Dry Eyes During and After Menopause

The exact role menopause plays in the development of dry eyes is not well understood, but many women over the age of 45 suffer from dry eye symptoms. One explanation for this is that the composition of tears alters as hormonal changes take place at this time of life. It is estimated that 60% of menopausal women experience this symptom of menopause.

In a study (2014) of aging adults published in American Journal of Opthalmology, the prevalence of dry eyes was 17.9% among women and 10.5% among men.

Dry Eyes Menopause Woman Using Eye Drops

Hormone Replacement Therapy and Dry Eyes

Hormone replacement therapy does not appear to reduce the risk of dry eyes. In fact, HRT may increase a woman’s risk of dry eyes or worsen dry eyes. A study published in 2001, in JAMA (the Journal of the American Medical Association), researchers found that post-menopausal women being treated with HRT had a higher prevalence of dry eye syndrome – 69% higher among women receiving estrogen alone and 29% higher among women receiving estrogen plus progesterone or progestin. Also, the longer the duration of HRT, the higher the risk of dry eye syndrome was found amongst the participants of the study.

Dry Eye Symptoms

  • Itchiness
  • Redness
  • Scratchy or gritty feeling
  • Tears running down the cheeks.

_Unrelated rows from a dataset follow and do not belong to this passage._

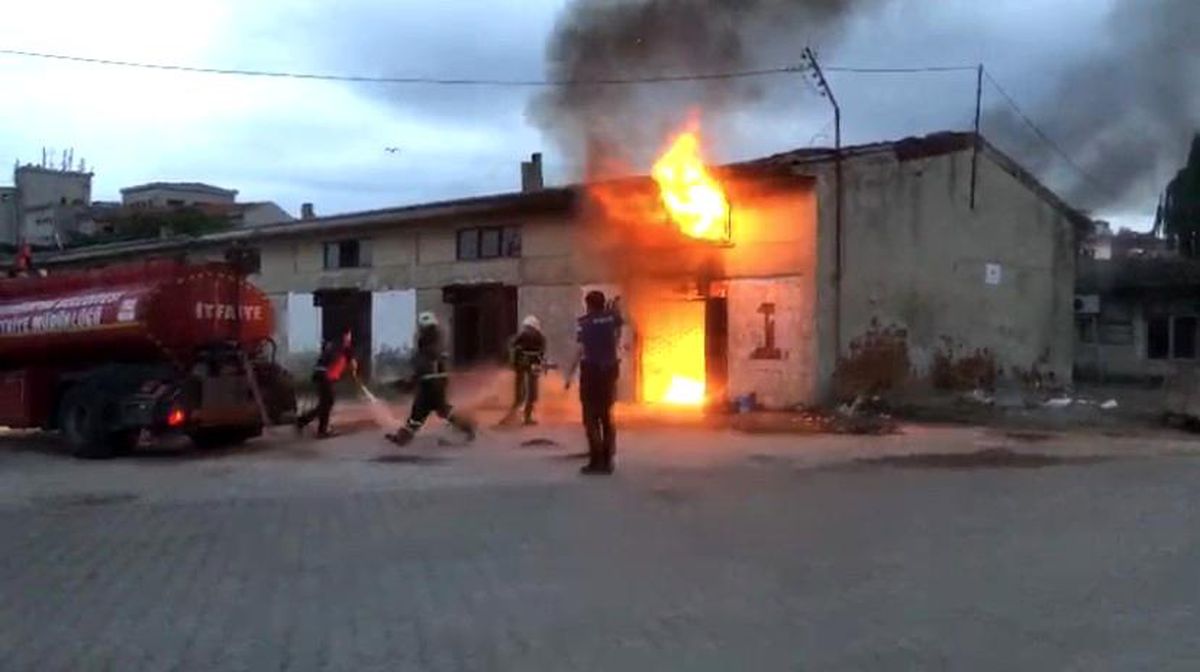 Edirne Sebze Halinde Yangın Çıktı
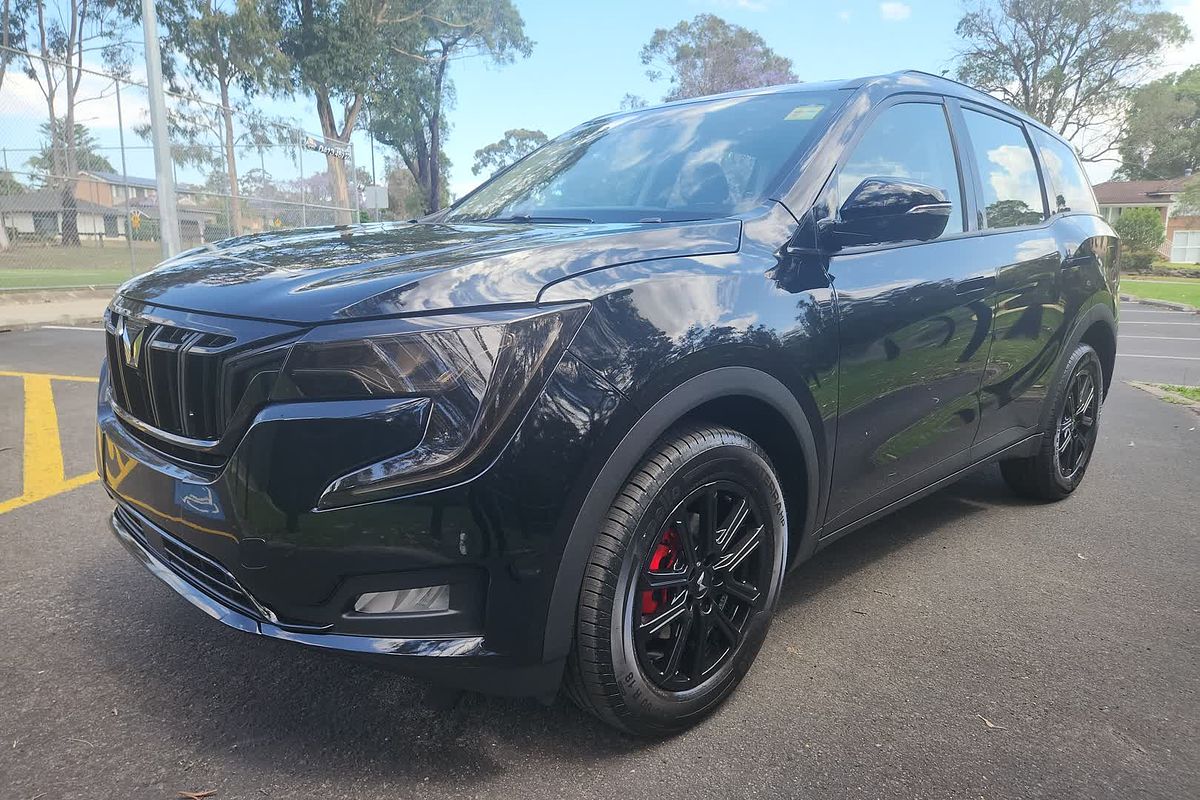 2024 Mahindra XUV700 AX7L Black Edition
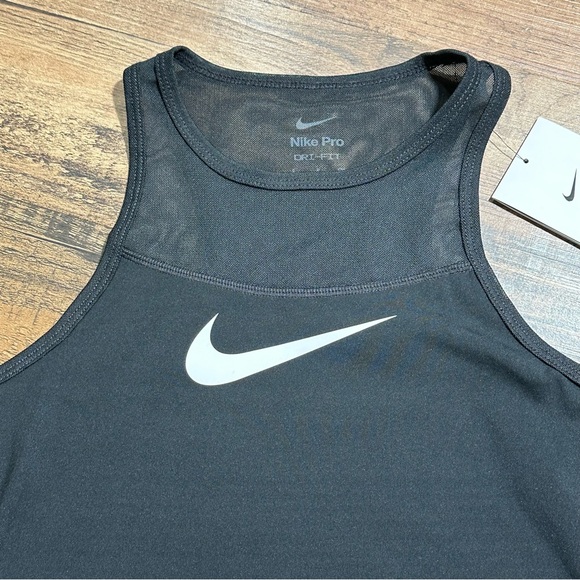 NWT Ladies NIKE PRO DRI-FIT Black Cropped Sleeveless Graphic Training Top S - Picture 5 of 12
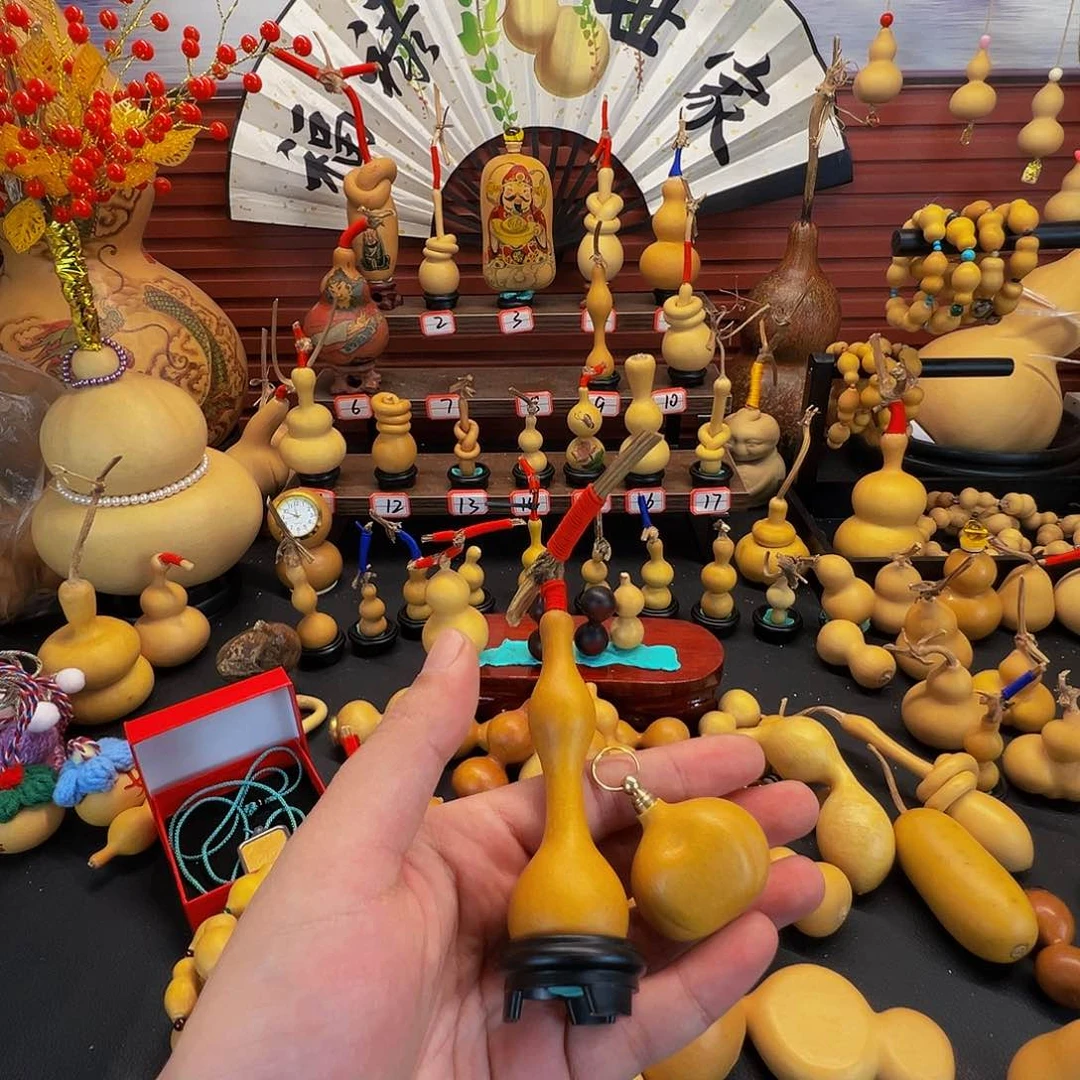 宇*蛋葫芦村是我国著名风景旅游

Although more tears are produced, they do not ‘stick’ to the eyes well and the front of the eyes dry out.
  • String mucus
  • Sensitivity to light
  • Irritation
  • Blurriness
  • Problems wearing contact lenses
  • Increasingly tired eyes during the day

Tears have 2 components:-

  • A watery part which lubricates
  • A sticky part which helps water tears ‘stick’ to the front of the eyes

Many medications required by adults over 40 may cause or worsen dry eye problems such as diuretics, antidepressants, beta blockers and antihistamines.

Medical Conditions

Rheumatoid arthritis
Thyroid autoimmune disease.

Environmental Factors

Environmental factors such as sun, wind, a dry climate, hot blowing air, high altitude can all have a drying effect on your eyes causing teats to evaporate

Activity Factors

Activities requiring visual concentration such as reading, sewing, computers and other devices can also have a drying effect on your eyes


Treatment and Prevention

Omega-3 Fatty Acids

Experiencing dry eyes symptoms may be a warning that your body is not detoxifying as it should which results in inflammation. This inflammation connection has led to many healthcare professionals encouraging their patients to add omega-3 supplements or fish oil as part of their treatment plan. A recent study showed that a diet rich in omega-3 fatty acids reduced the risk of dry eye by 20% compared to women with low levels of omega-3. Omega-3 fatty acids also assist in tear stimulation.

Over-the Counter Eye Drops

Sometimes referred to as “artificial tears” will provide you with temporary relief, but the problem will likely reoccur.


Eat a sensible well balanced diet and include an omega-3 essential fatty acid supplement plus vitamin E which helps omega-3 to work. Adding oily fish to your diet such as salmon, sardines, tuna and mackerel is an easy way to increase your omega-3 intake. Other foods sources include: kidney beans, tofu, eggs, flaxseed, pumpkin seeds, and soybean and canola oil.

Balance your Hormones

Make changes to your diet and lifestyle with nutritional supplements if needed. HRT comes with a propensity to worsen dry eyes as mentioned above, so you may wish to think about going down the natural menopause relief path. Eating more whole grains, avoiding processed foods and sugar will help to control your insulin levels and keep inflammation under control.

Check your Medications

If you are on prescription drugs, talk to your healthcare professional to see if anything might be causing your dry eyes. It may be possible to change your current medication.

Avoid pollution and irritants
Avoid rubbing your eyes because that can disturb the tear film, remove tears, and transfer irritants to your eye. If you wear make-up it may help if you buy hypoallergenic brands.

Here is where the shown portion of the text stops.